It would appear settled, at least insofar as the nisi prius court is concerned that a national bank is "established", within the meaning of Section 94 of Title 12, only in the federal district encompassing the location specified in its charterLeonardi v. Chase Nat. Bank, 81 F.2d 19, 22 (2d Cir.), cert. denied, 298 U.S. 677, 56 S. Ct. 941, 80 L. Ed. 1398 (1936) (as between the Eastern and Southern Districts of New York); Buffum v. Chase Nat. Bank, 192 F.2d 58 (7th Cir. 1951), cert. denied, 342 U.S. 944, 72 S. Ct. 558, 96 L. Ed. 702 (1952) (as between the Southern District of New York and the Northern District of Illinois); International Refugee Org. v. Bank of America Nat. Trust & Sav. Ass'n, 86 F. Supp. 884, 886 (S.D.N.Y. 1949) (as between the North District of California [Southern Division], and the Southern District of New York.) Nor does that fact that the national bank has branches in another district affect this rule. Accordingly, unless Congress has, by subsequent legislation, enlarged or altered the restrictive provisions of Section 94, defendant Franklin's position is well taken.
In the first place, it should be noted that Section 94 has been held not to have been superseded by the general venue statute, Section 1391 of Title 28 of the *704 United States Code. Buffum v. Chase Nat. Bank (supra, 192 F.2d at 61); International Refugee Org. v. Bank of America Nat. Trust & Sav. Ass'n (supra, 86 F.Supp. at 886). However, Section 1391 is clearly a general venue statute whereas the venue provision of the National Bank Act (12 U.S.C. § 94) is, at least in one respect, a special venue statute since it deals only with corporations of a particular class, i. e., national banks.
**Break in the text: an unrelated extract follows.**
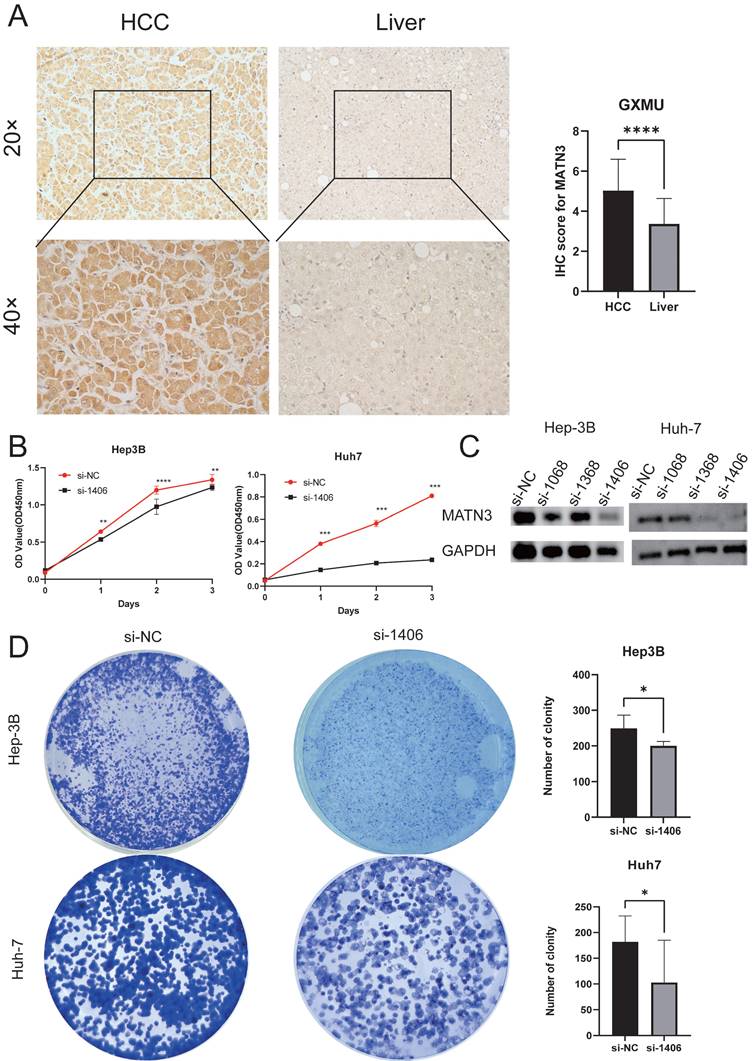 J Cancer Image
Accordingly, the question presented is whether the special venue provisions of the Securities and Exchange Acts (see SEC v. Briggs, 234 F. Supp. 618 (N.D.Ohio 1964); SEC v. Wimer, 75 F. Supp. 955 (W.D.Pa.1948)) expand and accordingly repeal in part the venue provisions of the National Bank Act. As stated in SEC v. Wimer (supra 75 F. Supp. at 961)"Special Venue Statutes are those statutes which Congress has legislated with reference to a particular kind of action, and has decreed that certain actions might be brought in forums, in some of which the action could not be brought, but for such legislation." (Emphasis added.) Thus it was held in the last two cases cited above that the special venue provisions of the Securities and Exchange Acts are not limited by the general venue statute or by the doctrine of "forum non conveniens."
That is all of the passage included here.